Aluminum sulfide reacts with water to form aluminum hydroxide and hydrogen sulfide. (a) Write the balanced chemical equation for this reaction. (b) How many grams of aluminum hydroxide are obtained from $14.2\mathrm{g}$ of aluminum sulfide?

Short answer

(a) The balanced chemical equation for the reaction is: Al2S3 (s) + 6H2O (l) -> 2Al(OH)3 (aq) + 3H2S (g) (b) Approximately 14.77 g of aluminum hydroxide are obtained from 14.2 g of aluminum sulfide.

Step-by-step solution

Write the balanced chemical equation

The unbalanced chemical equation for the reaction can be written as: Al2S3 (s) + H2O (l) -> Al(OH)3 (aq) + H2S (g) To balance the equation, we need to make sure there are the same number of each element on both the reactant side and the product side. After balancing, the equation becomes: Al2S3 (s) + 6H2O (l) -> 2Al(OH)3 (aq) + 3H2S (g)

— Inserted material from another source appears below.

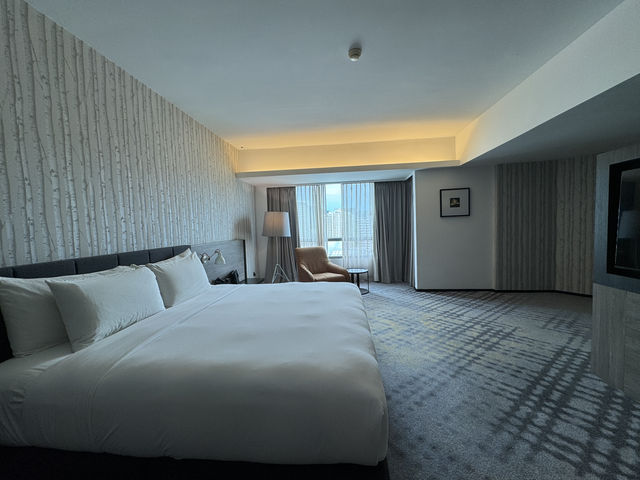 ❤️ Five-Star Hospitality at G Hotel Gurney – Service That Truly Shines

Calculate the moles of aluminum sulfide

To calculate the moles of aluminum sulfide, we can use the given mass (14.2 g) and molar mass of aluminum sulfide, which is approximately 150 g/mol (26.98 g/mol for aluminum and 32.07 g/mol for sulfur). Moles of Al2S3 = (14.2 g) / (150 g/mol) = 0.0947 mol

Use the mole ratio to find the moles of aluminum hydroxide produced

From the balanced equation, we can see that 1 mole of Al2S3 produces 2 moles of Al(OH)3. So, with the available moles of aluminum sulfide: Moles of Al(OH)3 = Moles of Al2S3 × (2 moles of Al(OH)3 / 1 mole of Al2S3) = 0.0947 mol × 2 = 0.1894 mol

Calculate the mass of aluminum hydroxide produced

To find the mass of aluminum hydroxide produced, we can use the moles calculated in the previous step and the molar mass of aluminum hydroxide. The molar mass of Al(OH)3 is approximately 78 g/mol (26.98 g/mol for aluminum and 3 × 16 g/mol for oxygen plus 3 × 1 g/mol for hydrogen): Mass of Al(OH)3 = Moles of Al(OH)3 × Molar mass of Al(OH)3 Mass of Al(OH)3 = (0.1894 mol) × (78 g/mol) = 14.77 g So, from 14.2 g of aluminum sulfide, approximately 14.77 g of aluminum hydroxide are produced.